14. Willie Jackson (NO) - Albert Connell was brought in to be the #2 receiver but he has mostly shown an ability to get hurt rather than get open. Jackson already has chemistry with Brooks and is a safe bet to produce far better than the later rounds he is being drafted in.
15. Peerless Price (BUF) - Enters into his magic third year in an offense that suddenly claims to want to throw the ball. Price came off a nice career at Tennessee and has been obscured by the rushing game and play of Moulds. While his play the past two years has been spotty at times, he is in a great position for stepping up and contributing.
16. Jeff Graham (SD) - The Chargers have a wonderful schedule this season and in 13 games last season, Graham had 907 yards while receiving from Ryan Leaf and Jim Harbaugh. The Chargers will improve and so will the veteran Graham's numbers. Flutie has already began to look for this possession receiver and if Tomlinson can give even a credible performance, it will open the passing from the scrambling Flutie even more.
17. Laveranues Coles (NYJ) - Make no mistake - this guy is so fast he should have a drag chute hanging off his belt. Coles has made noticeable improvements in his route running and is now being considered for the #2 spot over Hatchette.
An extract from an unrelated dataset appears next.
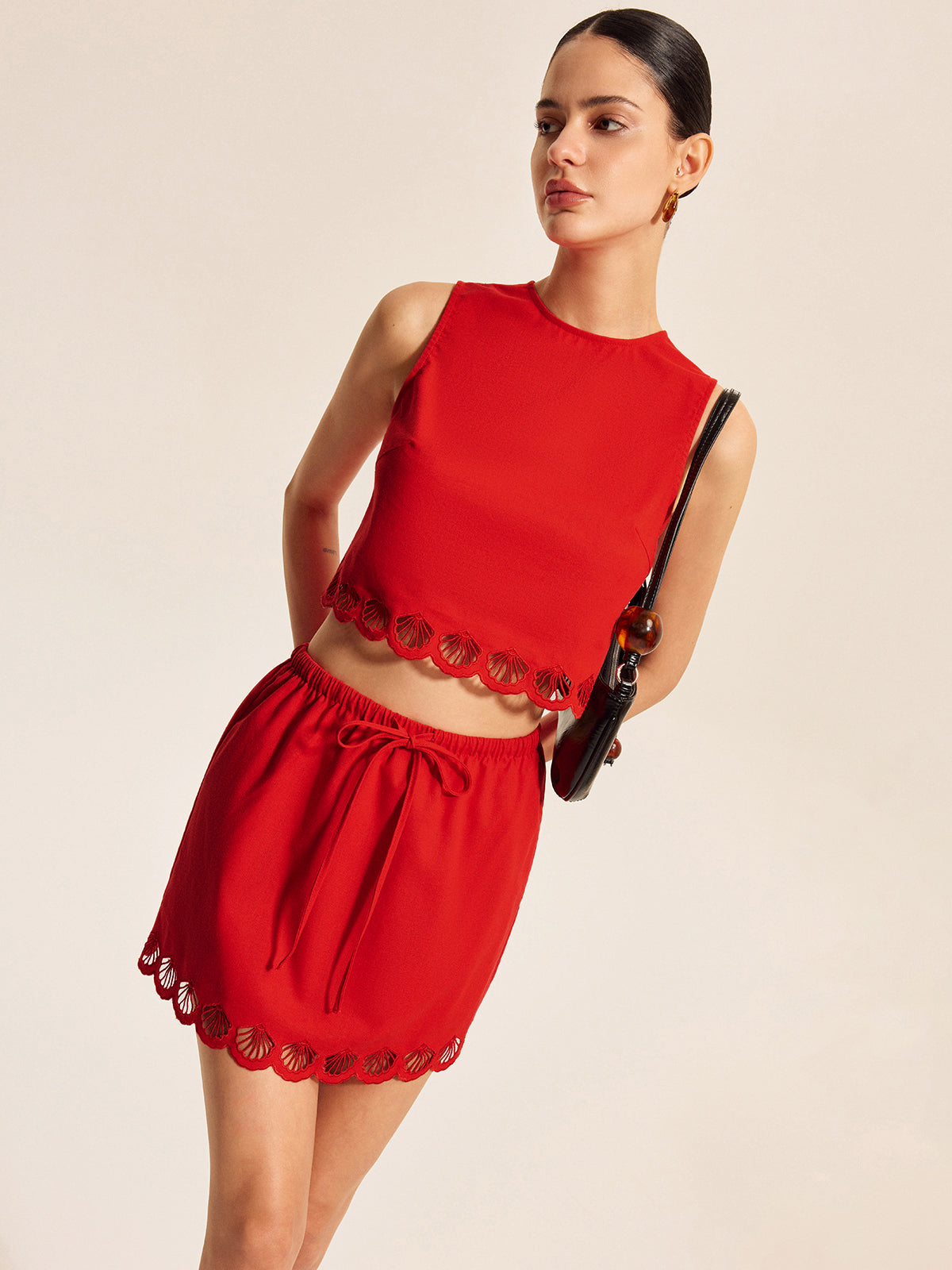 Cotton & Linen Scalloped Trim Skirt Set-Chicvia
The Jets will need to throw and Testeverde has been praising this second year player.
18. Marvin Minnis (KC) - The Chiefs will throw and contrary to some reports, not all the passes are for Gonzalez, Alexander and Holmes. Minnis has shown more ability to get open and catch the ball than journeyman Derrick Mayes this summer. While a bit lighter than what a normal receiver is (170 pounds), Minnis was a playmaker in college and could become Trent Green's favored streak down the sideline while the defense concentrates on the other three receivers I mentioned.
19. Quincy Morgan (CLE) - Yes, we are into rookies here. And Morgan has opened some eyes in Cleveland already. Slated to start opposite Kevin Johnson, Morgan is raw but has impressed in camp. The Browns will not resemble their 2000 version this season with a new coach, new scheme and an again healthy Tim Couch. Morgan may not get drafted, but he will be on a roster at the end of the season guaranteed.
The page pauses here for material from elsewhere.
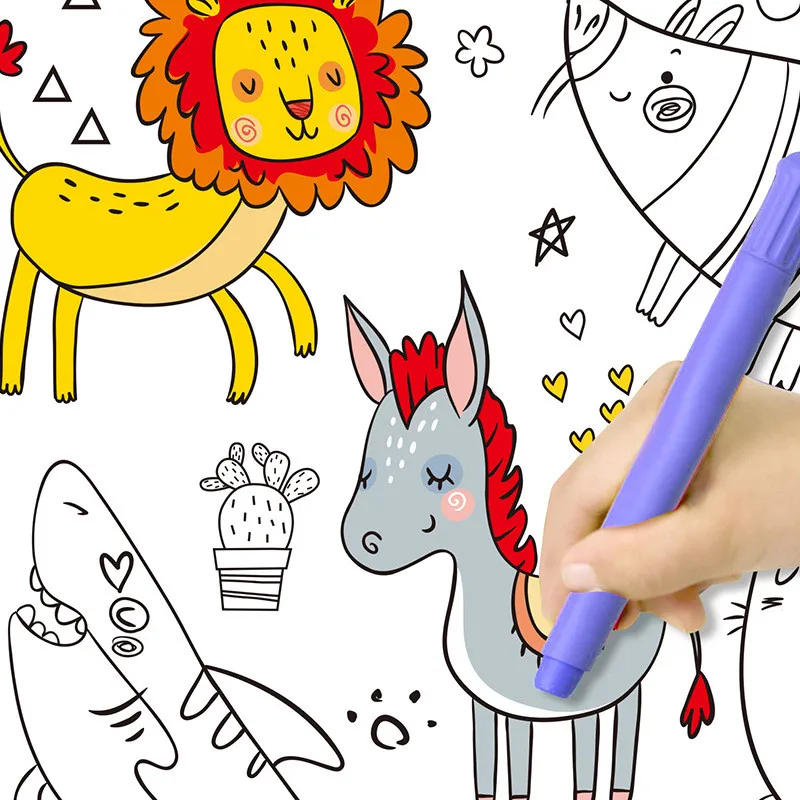 90 cm carta da disegno per bambini fai da te graffiti scena a tema pittura rotolo di carta da colorare sussidi didattici per la scuola materna giocattoli educativi per bambini - immagine 4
20. Chris Chambers (MIA) - I understand that rookie receivers for the Miami Dolphins is not exactly something that inspires squeals of delight, but Chambers is now challenging for the #2 role opposite Gadsden. He will more likely be a #3, but he has consistently impressed in camp and the Dolphins are stating a greater desire to throw downfield this season. In a deep keeper league, do not pass him by.
And so you have it now - 20 players worthy of watching as the season develops and a set of players to give a second thought to in your own assessments. Upside is the one thing players should have deeper in the draft when you are looking for back-ups because all too often they become your starters before it is all over. Good luck and good drafting!